Without a doubt, seeing a vet and planning the immunization shot schedule is the most important task for a new puppy owner. The three booster shots have a sensitive time frame and are extremely important to follow, as they will set a puppy up for a lifetime of good health.

2) Socializing Puppies Too Early

Play dates are one of the premier joys of owning a puppy. However, a common mistake that many new owners will make is letting a new pup play with other dogs too early. Without the booster shots, puppies can contract just about everything from anything. As much as possible, owners should try to avoid having their dog around others until he or she has received all of the critical shots. Until then, skip the dog park.

3) Inconsistency

Consistency is of great importance during the training phases. Just like a child, the mind of a puppy is exceptionally malleable. This is a double-edged sword; whatever a dog learns in their youth will be almost impossible to change in the future. Implementing and consistently enforcing house rules will yield a well-behaved companion for life. Neglecting to be consistent will leave room for bad habits to grow.

4) Encouraging Poor Potty Habits

Puppies have a knack for making houses a little damper than they should be. For instance, a three-month-old dog will need to relieve itself every three hours. Start to use commands such as, “Do you have to potty,” before leaving. Then using phrases such as “Good Potty” or “Good Boy/Girl” along with a treat will let your dog know that the grass is preferable to the carpet. For longer trips away from home, remove the water bowl half an hour before taking the dog out and putting him in the crate.

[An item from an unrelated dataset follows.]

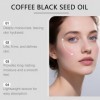 Huile de graine noire de café, Sérum huileux au café pour le visage, sérum pour la peau enrichi en vitamine E, aide à atténue...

Tip: Never reprimand your pup for going to the bathroom in the house unless you saw it happen. Your dog will get confused and no longer understand commands if the potty mistake had been made a while before the punishment.

5) Forgetting to Puppy Proof

Do you have young children? Do you leave chocolate out on the table? Are the cords for your electronics covered? Puppies are fickle creatures and will get into anything they can get their paws on. Small toys, harmful food, and bare wires are just a few of the hazards that can harm your pup. If your dog can access a room, every inch of that room needs to be safe.

Avoiding these five mistakes will help keep your new family member happy and healthy.